Oh my gosh, every single one of my cats has multiple collars all with matching tags. Nito has the most, he is my fashionable little diva boy. He looks so proud and handsome when I bust out something new for him!


----------



## Beckie210789 (May 9, 2011)

I used to keep collars on my cats until Kodak came along. He's an anti-collar cat, He pulls his own off, and all of the others as well.


----------



## Hitomi (Nov 15, 2010)

As promised a pic of Boo in his girly glitter flower collar(either pink or blue so I choose pink).


----------



## konstargirl (Feb 4, 2011)

^Aw! That looks like blue. lol


----------



## Hitomi (Nov 15, 2010)

lol I meant blue!I was half asleep when I wrote that!But I do have a pink collar for him somewhere.


----------



## heavyharmonies (Jul 20, 2009)

Hitomi said:


> As promised a pic of Boo in his girly glitter flower collar(either pink or blue so I choose pink).

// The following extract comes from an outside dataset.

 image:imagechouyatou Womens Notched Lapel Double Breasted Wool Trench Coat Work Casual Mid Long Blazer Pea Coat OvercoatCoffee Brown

Why did you steal my Tweetie? :love2

None of my 5 have collars. They're indoor only and are all microchipped.


----------



## Hitomi (Nov 15, 2010)

heavyharmonies said:


> Why did you steal my Tweetie? :love2
> 
> None of my 5 have collars. They're indoor only and are all microchipped.


Tweetie?That's Taboo or Boo for short.


----------



## champagne1962 (May 21, 2011)

None of mine have collars either. One would wear it but the other will eat your face if you try to put one on (we know this because we tried when we first got her).


----------



## OctoberinMaine (Sep 12, 2006)

Murphy doesn't have one either. He's indoor-only and microchipped, so I figure the very small risk of him getting out and needing a collar for identification is too small to make him wear it. I always feel good that I can offer him that -- no tight collar like he had at the SPCA.


----------



## konstargirl (Feb 4, 2011)

^I can't imagine Murphy with a collar. lol I don't think he will look right on one, although he's a very handsome cat. I bet he was cute kitten too. lol


----------



## KittieLover (May 2, 2011)

Hmmm. It just might be irritating her neck, moving around.
Catty's collar is lost, it's somewhere. And I can't find it!
I'll just keep looking


----------



## marie73 (Jul 12, 2006)

Cleo had a collar when she adopted me. First thing I did after getting her chipped was take it off. She still had a "collar indentation" more than a year later. None of my girls have collars. 

Strangely, though, I love the look of collars on other cats.


----------